[Opening RECORDED DATA section]

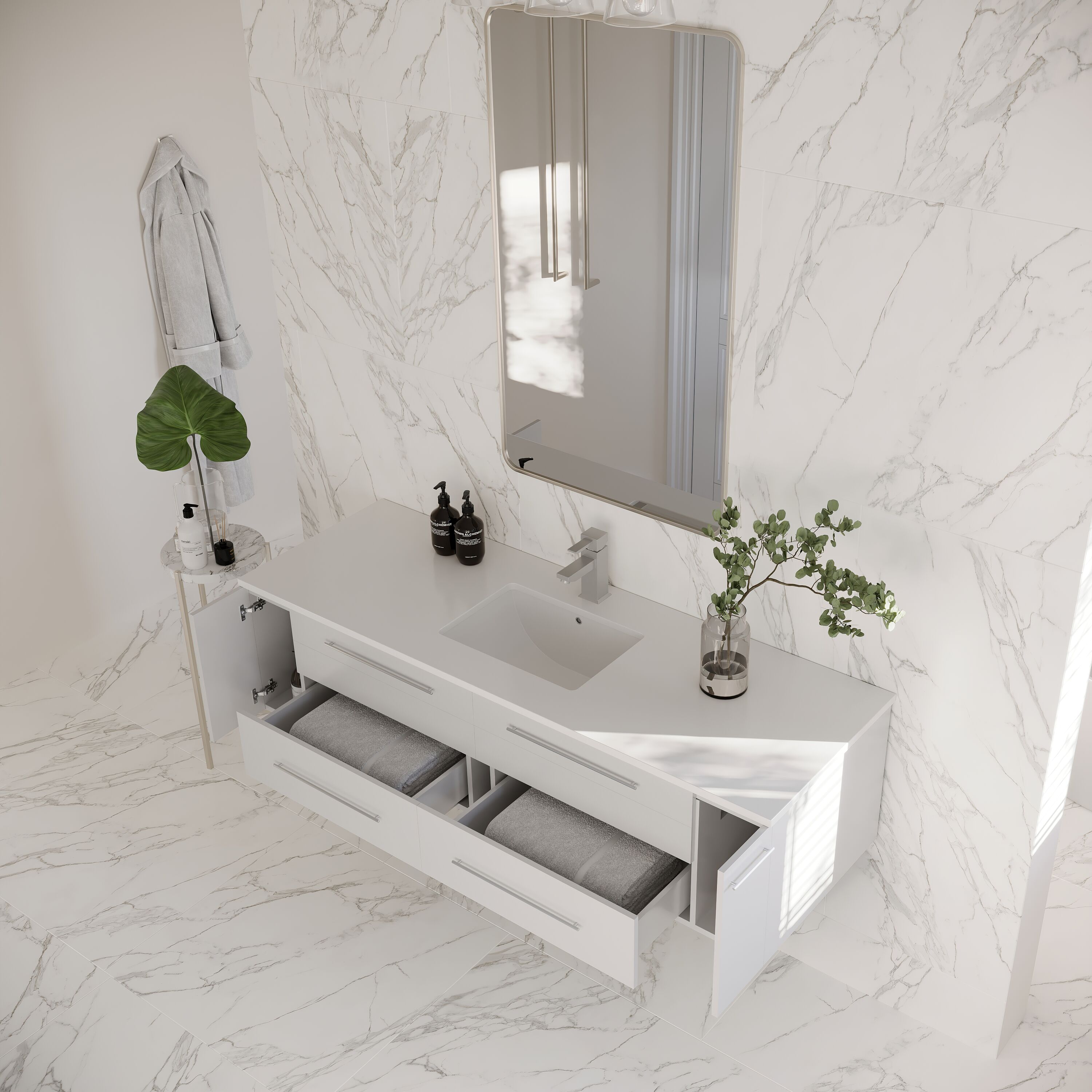 Fresca FCB6160WH-UNS-CWH-U Bath-Vanity-Combo - View #3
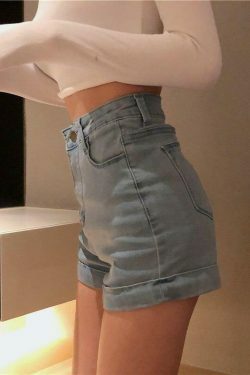 Vintage High Waist Denim Shorts - Retro Y2K Fashion for Women - Coquette Aesthetic Grunge Style
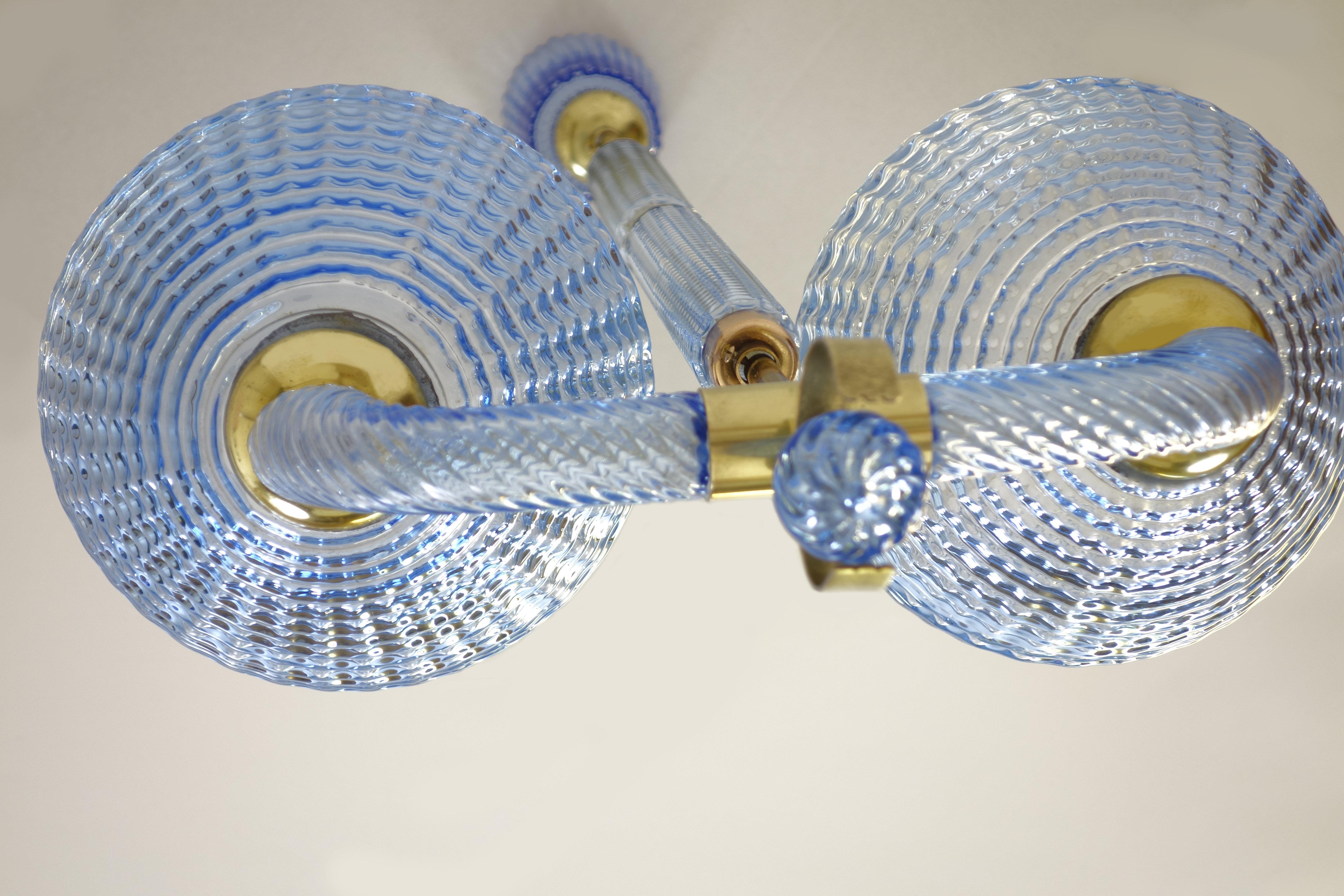 Brass Chandelier by Barovier & Toso, Murano glass blue 1940s brass finishing For Sale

[Closing RECORDED DATA section]

■ WHAT YOU HAVE TO DO
Return the complete material exactly as it appears, without images.

■ OUTPUT FOR THIS EXERCISE
 Fresca FCB6160WH-UNS-CWH-U Bath-Vanity-Combo - View #3
 Vintage High Waist Denim Shorts - Retro Y2K Fashion for Women - Coquette Aesthetic Grunge Style
 Brass Chandelier by Barovier & Toso, Murano glass blue 1940s brass finishing For Sale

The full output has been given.